What can you see? What does it represent? Which meaning does it have for you?

I asked these questions to different people while showing them photographs of various kinds. I recorded their answers, in their native language, and then wrote down the correspondent text.

“Transcriptions” is organized in chapters, each corresponding to one of these photographs.

On-going project

Chapter I

  Isabelle (DE)

1. A young woman in a wedding dress, her interlaced hands in her lap, on a chair, in front of a brick wall which belongs to a house. The colours are rather dull, grey concrete on the floor, and then these slightly cheap, yellowish bricks behind her, and concrete window ledges, grey again, and the white window frames and the white dress.And the dress is so bulky that one can see only the rear leg of the chair. She has her hair pinned up with a headband with little pearls on it, and a veil pinned on her hair, and the dress does not really fit her well, it sticks out a bit in the upper part, but one sees that she has made herself up, and the fingernails are well manicured, just as probably most women would do for her wedding. Well, she does not smile, but she does not look sad, either, but rather in peace with herself, she looks very calm into the camera towards the photographer.
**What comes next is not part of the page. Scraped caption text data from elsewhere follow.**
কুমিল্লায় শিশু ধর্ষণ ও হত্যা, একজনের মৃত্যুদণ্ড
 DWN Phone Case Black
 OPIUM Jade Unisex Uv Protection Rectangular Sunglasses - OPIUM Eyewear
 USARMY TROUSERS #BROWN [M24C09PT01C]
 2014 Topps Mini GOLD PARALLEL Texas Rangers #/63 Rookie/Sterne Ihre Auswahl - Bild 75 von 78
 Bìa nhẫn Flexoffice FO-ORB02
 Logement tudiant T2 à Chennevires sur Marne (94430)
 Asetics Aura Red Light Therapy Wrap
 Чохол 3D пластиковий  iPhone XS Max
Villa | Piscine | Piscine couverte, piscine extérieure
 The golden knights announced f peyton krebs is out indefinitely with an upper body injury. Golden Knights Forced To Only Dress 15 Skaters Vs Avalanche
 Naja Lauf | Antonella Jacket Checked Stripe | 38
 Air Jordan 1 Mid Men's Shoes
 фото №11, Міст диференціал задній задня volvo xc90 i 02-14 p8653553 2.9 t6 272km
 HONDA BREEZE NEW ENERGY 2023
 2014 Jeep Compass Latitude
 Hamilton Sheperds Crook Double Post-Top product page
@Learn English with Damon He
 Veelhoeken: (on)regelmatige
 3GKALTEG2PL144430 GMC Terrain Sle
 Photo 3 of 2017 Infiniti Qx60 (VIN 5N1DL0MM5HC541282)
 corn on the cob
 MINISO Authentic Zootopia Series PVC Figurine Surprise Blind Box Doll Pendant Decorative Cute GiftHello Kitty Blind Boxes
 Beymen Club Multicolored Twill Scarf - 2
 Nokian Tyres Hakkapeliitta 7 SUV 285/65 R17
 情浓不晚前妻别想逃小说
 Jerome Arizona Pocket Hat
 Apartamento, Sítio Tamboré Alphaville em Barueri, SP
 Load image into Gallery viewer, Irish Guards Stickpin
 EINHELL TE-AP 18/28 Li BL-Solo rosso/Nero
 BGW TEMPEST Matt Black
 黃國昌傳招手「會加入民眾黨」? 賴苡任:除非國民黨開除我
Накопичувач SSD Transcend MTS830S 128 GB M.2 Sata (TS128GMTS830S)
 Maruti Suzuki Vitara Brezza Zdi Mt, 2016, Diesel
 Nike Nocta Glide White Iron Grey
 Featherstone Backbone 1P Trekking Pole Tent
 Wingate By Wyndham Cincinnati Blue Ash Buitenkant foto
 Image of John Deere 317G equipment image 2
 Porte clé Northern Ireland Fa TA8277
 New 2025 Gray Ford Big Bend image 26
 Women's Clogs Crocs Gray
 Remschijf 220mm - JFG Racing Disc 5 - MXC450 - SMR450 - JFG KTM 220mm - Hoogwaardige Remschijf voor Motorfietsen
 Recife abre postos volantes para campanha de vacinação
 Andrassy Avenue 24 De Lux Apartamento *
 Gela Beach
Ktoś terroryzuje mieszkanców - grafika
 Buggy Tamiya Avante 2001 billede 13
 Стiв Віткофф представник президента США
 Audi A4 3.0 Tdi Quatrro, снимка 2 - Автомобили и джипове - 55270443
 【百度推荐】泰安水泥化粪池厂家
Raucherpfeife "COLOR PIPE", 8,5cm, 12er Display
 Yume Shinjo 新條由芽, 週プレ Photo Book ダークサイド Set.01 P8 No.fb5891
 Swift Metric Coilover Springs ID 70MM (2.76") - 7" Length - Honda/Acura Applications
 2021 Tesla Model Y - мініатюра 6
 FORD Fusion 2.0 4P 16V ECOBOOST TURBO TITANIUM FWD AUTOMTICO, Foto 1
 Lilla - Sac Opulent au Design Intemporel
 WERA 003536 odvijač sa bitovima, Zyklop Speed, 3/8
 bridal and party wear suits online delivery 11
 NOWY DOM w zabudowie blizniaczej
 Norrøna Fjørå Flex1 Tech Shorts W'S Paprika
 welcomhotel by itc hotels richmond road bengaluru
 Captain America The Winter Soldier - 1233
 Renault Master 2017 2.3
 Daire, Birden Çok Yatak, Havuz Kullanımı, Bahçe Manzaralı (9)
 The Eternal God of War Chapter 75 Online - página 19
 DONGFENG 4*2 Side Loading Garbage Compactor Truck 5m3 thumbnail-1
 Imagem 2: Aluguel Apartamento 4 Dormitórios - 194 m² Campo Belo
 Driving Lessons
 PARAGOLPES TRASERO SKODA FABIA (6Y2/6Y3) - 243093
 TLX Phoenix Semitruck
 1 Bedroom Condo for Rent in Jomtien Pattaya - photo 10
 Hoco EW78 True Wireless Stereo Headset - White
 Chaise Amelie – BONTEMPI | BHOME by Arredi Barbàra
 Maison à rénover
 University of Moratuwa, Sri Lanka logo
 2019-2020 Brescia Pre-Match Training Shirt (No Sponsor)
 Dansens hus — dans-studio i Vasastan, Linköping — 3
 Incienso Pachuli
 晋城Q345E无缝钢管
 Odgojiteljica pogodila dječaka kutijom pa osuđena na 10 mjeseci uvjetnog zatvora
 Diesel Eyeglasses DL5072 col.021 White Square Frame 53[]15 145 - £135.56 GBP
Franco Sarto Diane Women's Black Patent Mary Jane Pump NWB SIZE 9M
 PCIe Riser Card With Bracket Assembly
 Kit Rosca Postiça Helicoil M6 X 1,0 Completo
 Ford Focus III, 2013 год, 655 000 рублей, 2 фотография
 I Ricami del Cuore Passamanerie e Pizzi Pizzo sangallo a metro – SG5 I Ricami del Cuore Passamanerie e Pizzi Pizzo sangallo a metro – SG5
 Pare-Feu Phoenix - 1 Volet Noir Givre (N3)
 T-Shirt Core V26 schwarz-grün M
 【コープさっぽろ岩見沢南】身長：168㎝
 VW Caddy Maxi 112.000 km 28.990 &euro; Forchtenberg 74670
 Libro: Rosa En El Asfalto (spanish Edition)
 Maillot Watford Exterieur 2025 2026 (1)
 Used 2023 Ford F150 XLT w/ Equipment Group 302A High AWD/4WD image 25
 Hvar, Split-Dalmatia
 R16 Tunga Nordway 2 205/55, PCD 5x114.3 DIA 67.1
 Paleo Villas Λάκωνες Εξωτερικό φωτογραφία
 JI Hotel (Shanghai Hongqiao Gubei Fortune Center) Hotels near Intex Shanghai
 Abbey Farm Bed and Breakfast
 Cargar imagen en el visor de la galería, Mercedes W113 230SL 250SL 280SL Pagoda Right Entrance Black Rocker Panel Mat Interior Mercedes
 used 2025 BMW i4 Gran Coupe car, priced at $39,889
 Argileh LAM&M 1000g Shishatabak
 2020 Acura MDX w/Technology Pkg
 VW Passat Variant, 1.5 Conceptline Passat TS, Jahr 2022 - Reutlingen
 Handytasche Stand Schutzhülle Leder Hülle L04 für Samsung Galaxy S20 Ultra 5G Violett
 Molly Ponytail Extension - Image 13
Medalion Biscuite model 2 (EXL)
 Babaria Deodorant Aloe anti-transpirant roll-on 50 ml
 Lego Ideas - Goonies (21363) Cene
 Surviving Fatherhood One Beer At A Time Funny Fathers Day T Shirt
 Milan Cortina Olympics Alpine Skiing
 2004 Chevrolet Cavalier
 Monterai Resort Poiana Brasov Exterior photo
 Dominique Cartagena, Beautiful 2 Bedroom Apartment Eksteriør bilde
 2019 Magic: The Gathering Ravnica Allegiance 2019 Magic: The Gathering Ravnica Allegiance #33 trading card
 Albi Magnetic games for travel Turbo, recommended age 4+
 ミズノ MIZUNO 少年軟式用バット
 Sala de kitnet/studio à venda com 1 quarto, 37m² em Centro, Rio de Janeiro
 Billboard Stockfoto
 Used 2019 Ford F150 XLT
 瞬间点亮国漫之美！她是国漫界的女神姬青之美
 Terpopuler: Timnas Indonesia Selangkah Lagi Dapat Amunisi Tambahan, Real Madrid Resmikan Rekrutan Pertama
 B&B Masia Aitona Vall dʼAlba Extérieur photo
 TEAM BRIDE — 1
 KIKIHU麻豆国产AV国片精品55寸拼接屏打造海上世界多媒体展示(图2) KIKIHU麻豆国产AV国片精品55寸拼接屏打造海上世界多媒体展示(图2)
2. It is either a hotel, or it is just her home, the house, where she is living. It looks rather as if she was ready now to go to her wedding, she has that determined expression, and is not wearing a wedding ring. In her face one sees first of all calm and also somehow confidence, and that determination, she does not look as if she had any doubts or as if she was scared, but she is comfortable with the idea that she is now getting married. She looks rather serious, maybe she is conscious of the seriousness of the thing: getting married is an important and serious decision, and she does not look as if she was taking it lightly.

3. I like the expression on her face, because it somehow expresses that (..) she is in peace with herself, and that confidence and determination rather than a barbie grin. I am obviously wondering, where are the other people, or first of all, where is the man who goes with her, why is she alone in the picture? I find it hard to imagine her with a man on her side, she seems to be actually content with being alone. And then, well, you see in the picture that she has made efforts for her appearance, that is what all wedding pictures have in common, all women somehow look like that. She does not look though as if it was the most important to her that she looks pretty, and I find that important and beautiful.